HAY QUE ELEVAR el sentido
colectivo de la política provocando un sentimiento envolvente en torno a lo que
podemos llegar a ser y hacer con ella. De lo contrario lo habremos perdido casi
todo.
Hay que democratizarla, ponerla al servicio de las mayorías, para que
exijan, den y construyan, sacarla, en fin, de la jaula donde la han confinado
los que quieren apropiarse de ella, satanizándola.
Todo atenta contra la política, que pudiera
llegar a ser el instrumento limpio para escalar la duda de nuestra libertad.
Todo restringe su ejercicio pleno. Comenzando por políticos, estructuras
constitucionales, leyes, partidos, medios de comunicación, que pervierten la
libertad del ser humano, limitándola.
Pero es una restricción paradójica, ya
que fue la fórmula que la sociedad encontró para asignarle orden a la energía
compleja de la acción individual. Pero ello no quiere decir que no debamos
exigirnos pensar en otras formas de ser mejores políticamente.
HEMOS LLEGADO a un punto tal
de la crisis mundial, nacional, personal, histórica en suma, que es
indispensable una discusión profunda en la que se planteen dudas conmovedoras
para inventar respuestas, teóricas y prácticas, adecuadas para estos tiempos de
confusión y re-definiciones.
Con la política no se edifican paraísos,
utopías sí, pero se puede con ella evitar el purgatorio que hoy padece la
mayoría de los seres humanos, cuyos oxígenos vitales, el aire que respiramos,
el alimento que nutre, el techo que cobija, las organizaciones que aseguran, la
lectura que acompaña, la información que guía, los dioses que protegen, los
radares que orientan, están cada día más bajo control ajeno e impropio. Vista a
la buena, la política debería ser el escenario donde se ventilan y resuelven
las contradicciones o desavenencias sociales.
Nunca el foro donde se las provoca o esconde
o manipula. Vista a la mala, es lo que se resiente permanentemente de ella. Por
eso tan importante es que todos aprendamos, mientras más temprano mejor, el
exigente arte de la política, su abecedario y sutilezas. En las escuelas que
creen en la democracia tendrían que abrirse cursos para enseñar su ejercicio.
En la gimnasia diaria del colegio, la fábrica, empresa, barrio o universidad,
aprender a organizarnos para hacer frente a necesidades colectivas, más aún en
un mundo, y en un país, en el que se nos inculca la virtud del éxito personal
como ambición egoísta.
PORQUE EL QUE QUIERE hacer política
debe entender que es un juego muy serio, que no termina jamás, porque ningún
asunto de la agenda pública se resuelve definitivamente.

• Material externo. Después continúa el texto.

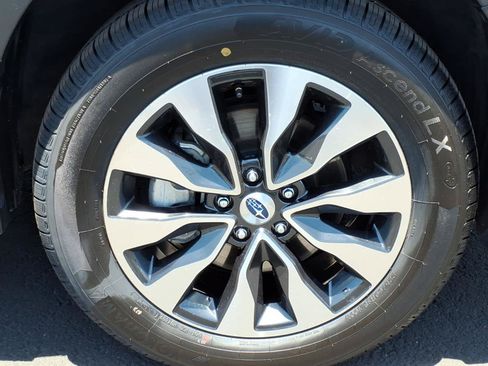 Used 2024 Subaru Outback Touring XT AWD/4WD image 9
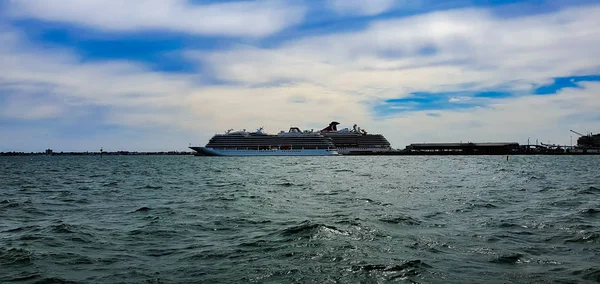 Hermoso Crucero Mar Desde Una Playa — Foto de Stock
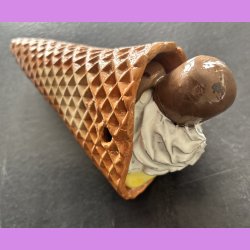 Vaffelis med fl�debolle - chokolade - jordb�r og citron is.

Que además es
actividad ruda. Que implica discutir y discurrir sin cesar. Que a veces
requiere más del oído que de la palabra, porque si ésta vale oro, el saber
escuchar no tiene precio. Que también es diálogo en el que no necesariamente se
tiene la razón, que la pueden tener los demás y así convencernos de que ganar
es esa transformación que la política adoba y apura. Que se necesita ser
elástico, prudente, convincente, pero también capaz de ser convencido, no como
forma de derrota sino como sabiduría. Enseñar que la política no es
exclusivamente la búsqueda del poder, sino la capacidad de cada quien para
contribuir a las decisiones que nadie debe tomar por mano propia.